The United Nations’ environment arm and the government of Afghanistan have teamed up to reduce the landlocked country’s vulnerability to climate change.
The U.N. Environment Program will implement a $6 million climate initiative the Afghan government launched Thursday (Oct. 11). The initiative is the first of its kind in the largely agriculture-dependent country, according to UNEP. Afghanistan, whose major source of livelihood is agriculture, was among the countries most vulnerable to climate change, according to the Global Adaptation Institute’s ranking in 2011.

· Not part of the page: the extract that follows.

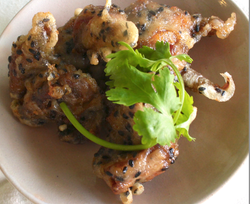 Deep fried chicken sesame and ginger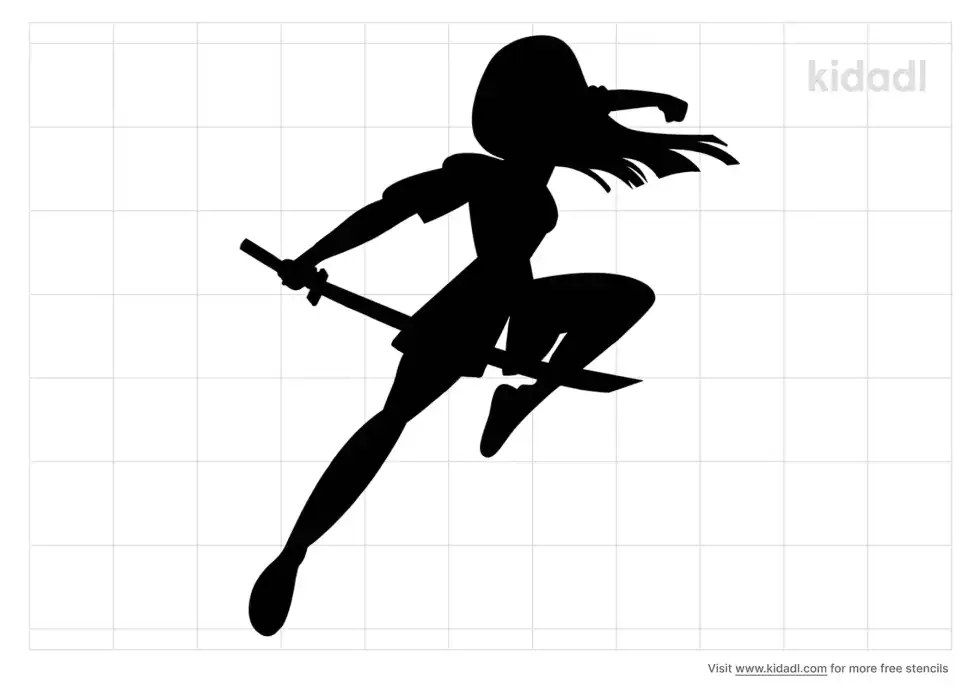 Simple Warrior Girl Stencil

Improved water management will be among the projects under the initiative. Activities will include tree planting and gathering of wild seeds to be planted in overgrazed mountainsides, according to a press release. Other projects are community-based watershed management; improved terracing, agroforestry and agrosilvo pastoral systems; climate-related research and early warning systems; improved food security; and rangeland management.
The initiative will be carried out in the provinces of Badakhshan and Balkh, and several areas in the country’s central highlands region, including Koh-e Baba, Bamyan and Daikundi. Funding will mainly come from the Global Environment Facility, an organization that finances environment-related projects.
Through its National Environmental Protection Agency, the government and UNEP will be working with the Biodiversity Program of the Wildlife Conservation Society — funded by the U.S. Agency for International Development — and local Afghan organizations. Other key U.N. partners include the U.N. Food and Agriculture Organization, the U.N. World Food Program and the U.N. Assistance Mission in Afghanistan.